The Steele County Court recently charged 47-year-old Donald Gary Johnson of Owatonna with first-degree felony DWI, driving with a canceled license and leaving the scene of a motor vehicle accident. According to OPD, officers were called to Clark Drive Sept. 4 for a report of a hit and run. Investigating officers reportedly learned from a witness that a person, later identified as Johnson, had run into the back of a parked vehicle and fled the scene. Officers later located the heavily damaged suspect vehicle described by the witness with Johnson inside, according to the report. Johnson had previously been arrested in August for DWI after he reportedly ran a vehicle into his house.
In Minnesota, a DWI does not become a felony offense until an individual receives a fourth offense within a 10-year period. Once convicted of a felony-level DWI, any future DWIs are also considered a felony. McIntosh said that while penalties vary depending on an offender’s criminal history and each individual case, DWI penalties can include loss of driver’s license, seizure of license plates, mandatory minimum jail time, mandatory installation of ignition interlock systems, forfeiture of vehicles, and prison sentences.

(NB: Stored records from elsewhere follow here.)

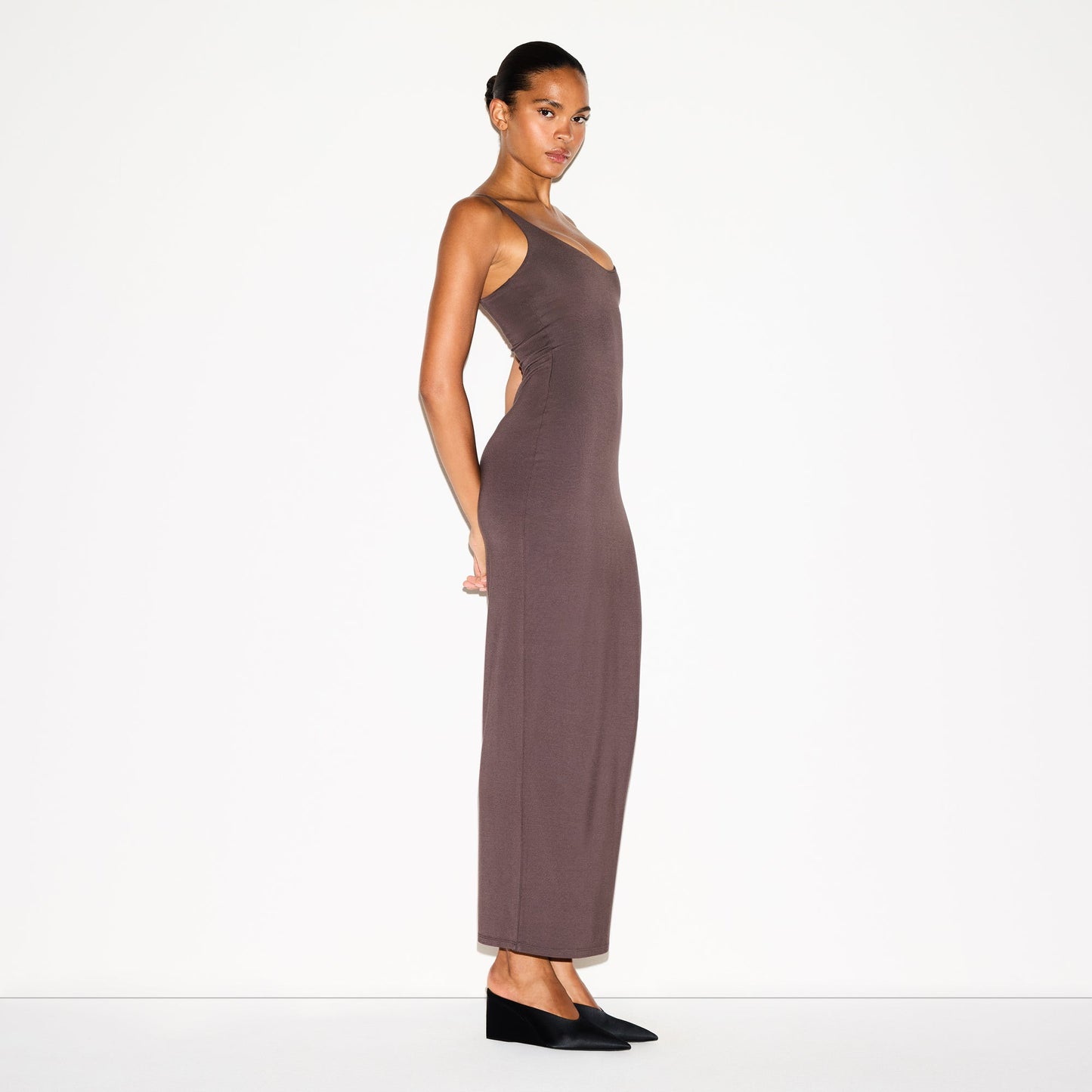 SMOOTH LAYERS SKIMPY SCOOP NECK LONG DRESS | RAISIN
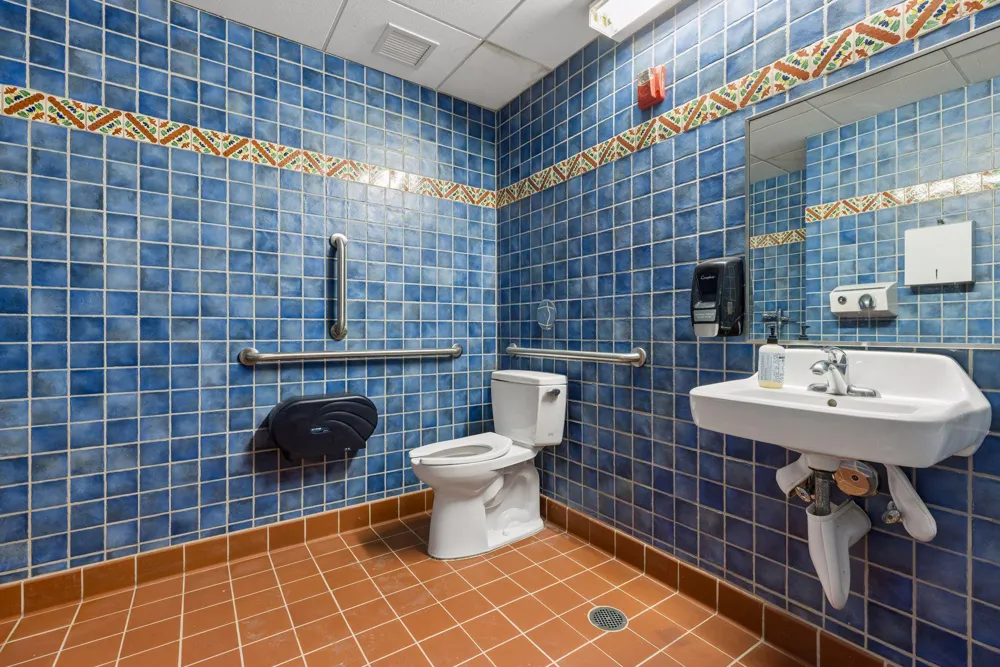 1501 E Lake Street Minneapolis, MN 55407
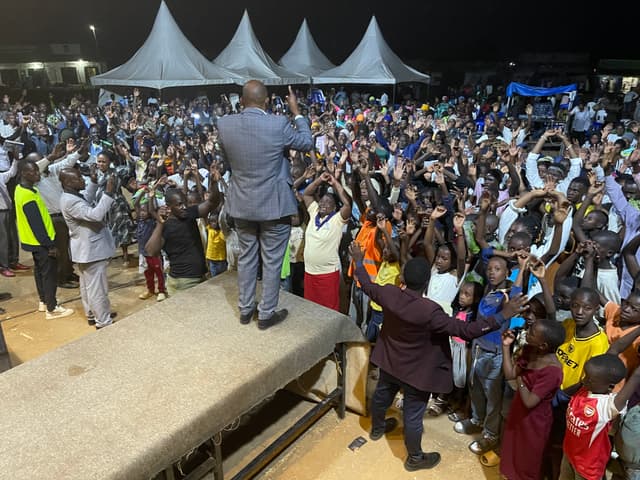 Praying for the crusaders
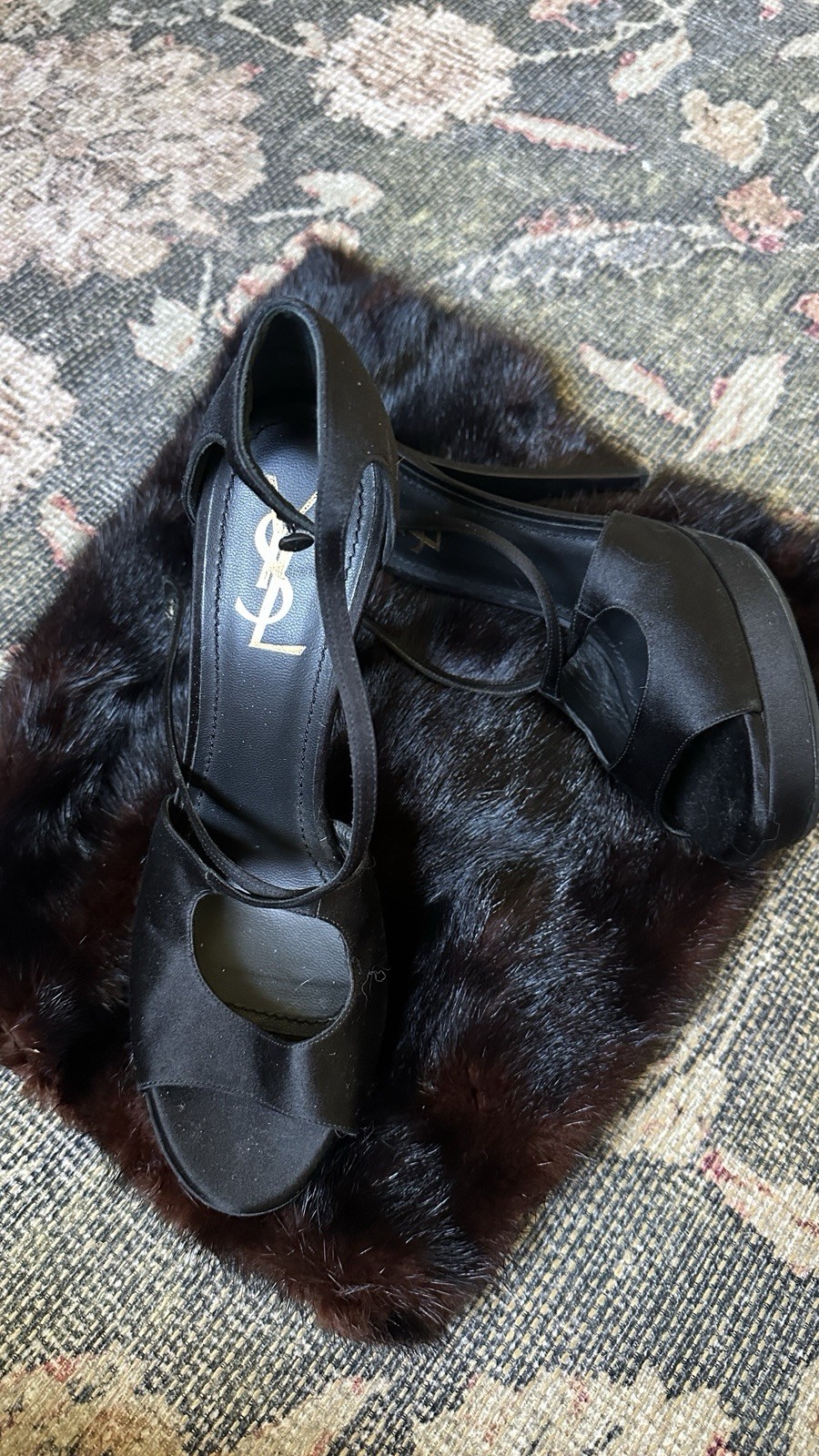 Yves Saint Laurent （YSL）Black Satin Platform Peep Toe Heels EU40 Excellent Italy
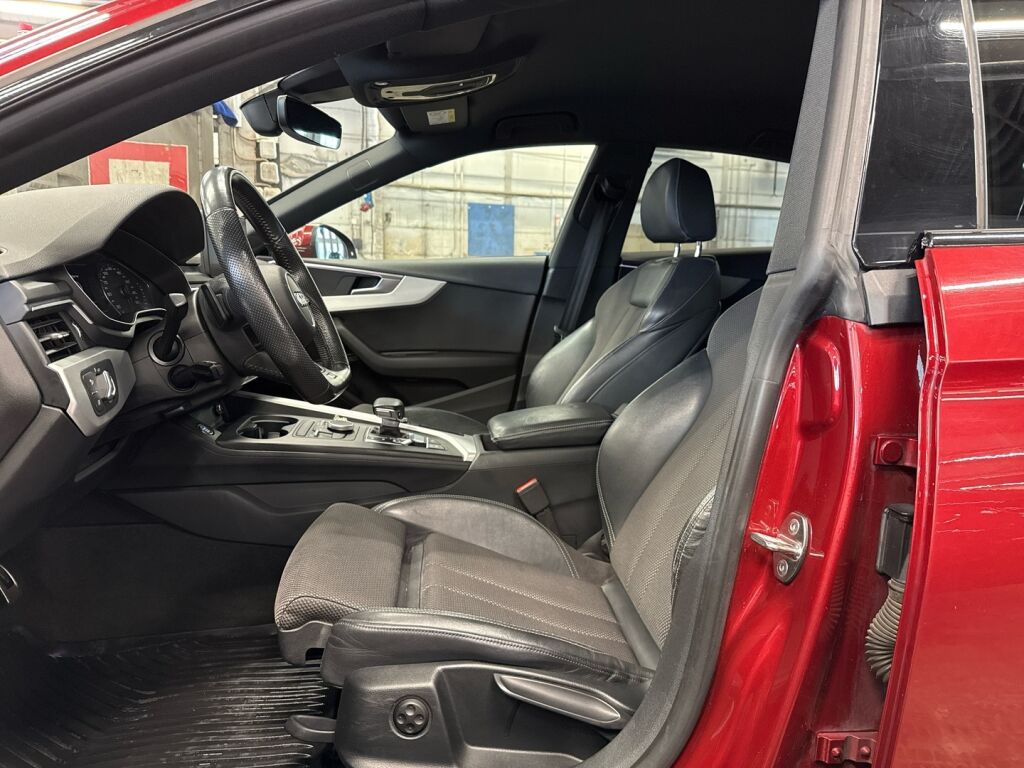 Audi A5 2018 Valkoinen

“It is hard to paint it all with one brush, so we try to look at each case individually,” McIntosh said. “But the general philosophy believed in my office is that drunken driving is the most pressing public safety issue we face, and while it can come along as a byproduct of addiction, we have to be realistic that treatment, consequences restrictions of liberty all go into the mix.”
The increase in drunken driving is not unique to southern Minnesota. According to the Minnesota Department of Public Safety, 40 of the 152 traffic fatalities in across the state this summer were alcohol-related. These preliminary numbers account for 60% of all 2020 traffic fatalities thus far.
Both McIntosh and Dunn said it is hard to understand why drunken driving continues to be an issue as educational campaigns and different media blitzes about the dangers of drunken driving and the harsh realities of DWI charges have been around for many years.
“Our job is never done as long as we have loved ones and friends and family out there driving,” Dunn said. “We need to keep reminding them to wear seat belts, slow down, drive attentively and hands free, and never drive drunk.”
McIntosh echoed Dunn’s sentiments, adding that it all boils down to personal responsibility.
“Unfortunately it becomes an enforcement issue because people won’t heed the warnings,” McIntosh said. “Public transit with Uber and Lyft has never been more available, so the fact that people continue to choose to drink and drive is baffling.
“It’s one of those things that is always preventable, you don’t have to go down that road even if you do over indulge,” he continued. “It’s a serious issue, and law enforcement isn’t going to be able to stop everyone — by the time they respond to an accident it is too late. We all need to look out for one another.”